Music Reviews
Kasey Anderson

Kasey Anderson

Dead Roses

Resonant Noise

In the ever-burgeoning list of tired sub-genres of rock music, alt. country has to be nearing the top. Since Uncle Tupelo’s insurgency in the early ’90s, the genre’s sound has become progressively insular, casting off most of its initial punk fervor and highlighting the singer/songwriter. In most cases, there’s little to distinguish an Americana performer from the country-tinged “lite” rock on adult contemporary radio.

Kasey Anderson easily falls into this crowd, writing songs about girls with tickets to California, heeding grandparents’ advice, looking to the Lord for guidance in these trying times, blah blah blah… They’re all themes completely recycled from their source material and hardly noteworthy unless you think acts like John Mellencamp and Train are bastions of innovation. Anderson also includes the staid “rockers” “5th Avenue Queen” and “Dead Roses (and Blood Red Wine)”; both are replete with limping riffs and requisite “hot” guitar solos.
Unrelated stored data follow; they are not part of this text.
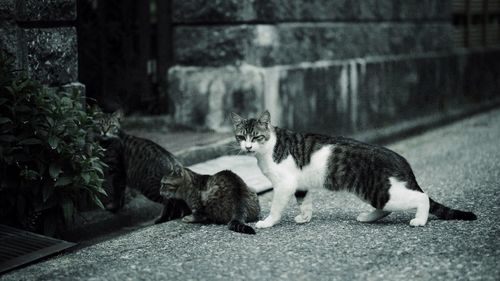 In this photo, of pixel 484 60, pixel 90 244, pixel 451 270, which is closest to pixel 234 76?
pixel 90 244

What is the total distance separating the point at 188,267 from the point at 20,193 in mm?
1204

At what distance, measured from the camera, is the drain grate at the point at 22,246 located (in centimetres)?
436

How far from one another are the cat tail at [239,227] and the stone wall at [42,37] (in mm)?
1754

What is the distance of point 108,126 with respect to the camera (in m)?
5.82

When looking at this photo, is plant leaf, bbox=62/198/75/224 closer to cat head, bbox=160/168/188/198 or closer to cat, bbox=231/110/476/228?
cat head, bbox=160/168/188/198

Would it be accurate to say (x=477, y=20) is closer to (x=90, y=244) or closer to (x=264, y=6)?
(x=264, y=6)

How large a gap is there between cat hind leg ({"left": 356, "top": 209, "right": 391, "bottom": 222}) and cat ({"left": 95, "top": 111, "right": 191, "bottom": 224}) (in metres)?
1.32

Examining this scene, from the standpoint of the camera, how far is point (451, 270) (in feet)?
Answer: 13.1

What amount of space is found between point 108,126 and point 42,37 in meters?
0.82

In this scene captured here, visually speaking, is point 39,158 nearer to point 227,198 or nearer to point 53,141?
point 53,141

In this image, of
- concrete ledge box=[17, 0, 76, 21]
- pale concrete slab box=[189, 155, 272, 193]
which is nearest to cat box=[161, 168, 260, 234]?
pale concrete slab box=[189, 155, 272, 193]

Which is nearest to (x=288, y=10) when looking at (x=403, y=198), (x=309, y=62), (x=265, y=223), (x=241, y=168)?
(x=309, y=62)

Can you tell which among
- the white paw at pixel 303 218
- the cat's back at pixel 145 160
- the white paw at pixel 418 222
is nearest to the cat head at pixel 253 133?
the white paw at pixel 303 218

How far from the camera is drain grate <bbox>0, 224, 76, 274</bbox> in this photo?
4.36 meters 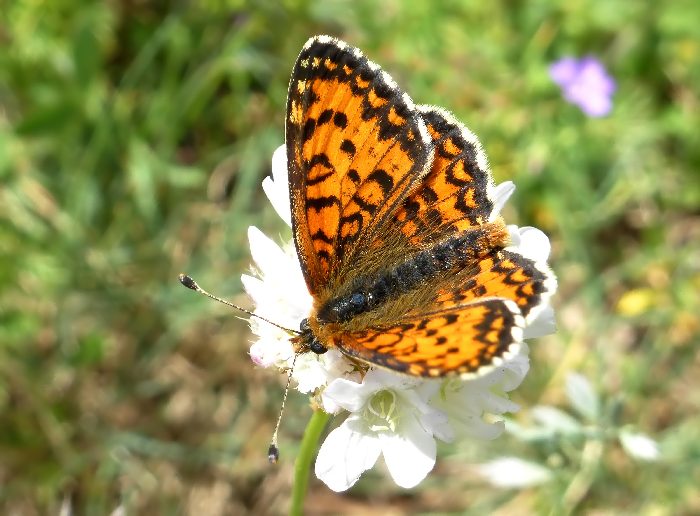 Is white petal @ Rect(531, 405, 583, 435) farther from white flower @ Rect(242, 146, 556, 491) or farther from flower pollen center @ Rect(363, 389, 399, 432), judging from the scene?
flower pollen center @ Rect(363, 389, 399, 432)

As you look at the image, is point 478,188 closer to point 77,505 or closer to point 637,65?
point 77,505

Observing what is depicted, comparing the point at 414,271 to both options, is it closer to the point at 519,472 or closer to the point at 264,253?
the point at 264,253

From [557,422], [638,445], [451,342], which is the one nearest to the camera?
[451,342]

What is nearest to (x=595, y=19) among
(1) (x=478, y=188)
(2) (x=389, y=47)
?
(2) (x=389, y=47)

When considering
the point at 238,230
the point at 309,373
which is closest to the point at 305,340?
the point at 309,373

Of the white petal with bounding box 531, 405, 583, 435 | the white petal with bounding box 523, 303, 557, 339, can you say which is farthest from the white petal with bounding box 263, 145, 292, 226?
the white petal with bounding box 531, 405, 583, 435

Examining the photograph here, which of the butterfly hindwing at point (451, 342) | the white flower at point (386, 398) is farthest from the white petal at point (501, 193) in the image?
the butterfly hindwing at point (451, 342) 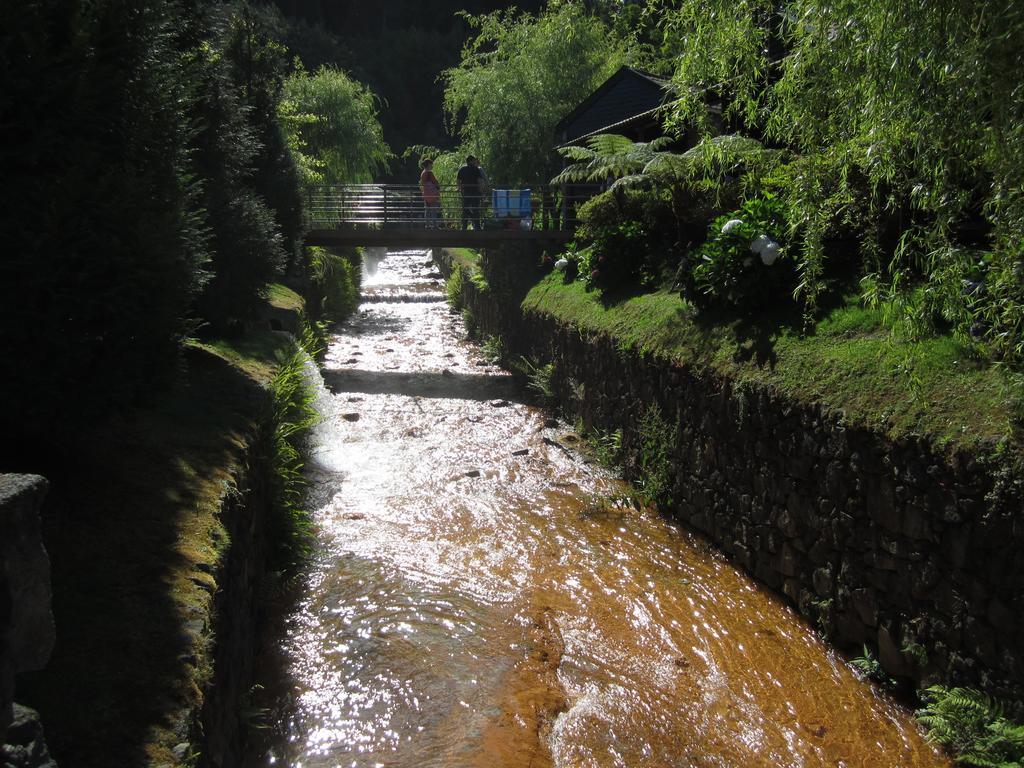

In Anderson’s press release, he makes the claim that he “isn’t reinventing the wheel… [that] the key isn’t so much to have your audience saying ‘I never thought of that!’ it’s to have them saying, ‘I never thought of it that way.’” Of course he couldn’t be more wrong. There are alt. country bands out there – Knife in the Water, for example – who are nuturing the growth of the genre. Anderson’s assumption that the audience wants only slightly tweaked variants of rehashed familiarity is insulting. It’s a prime example of why record executives are still looking for “the next Nirvana” even after fourteen years.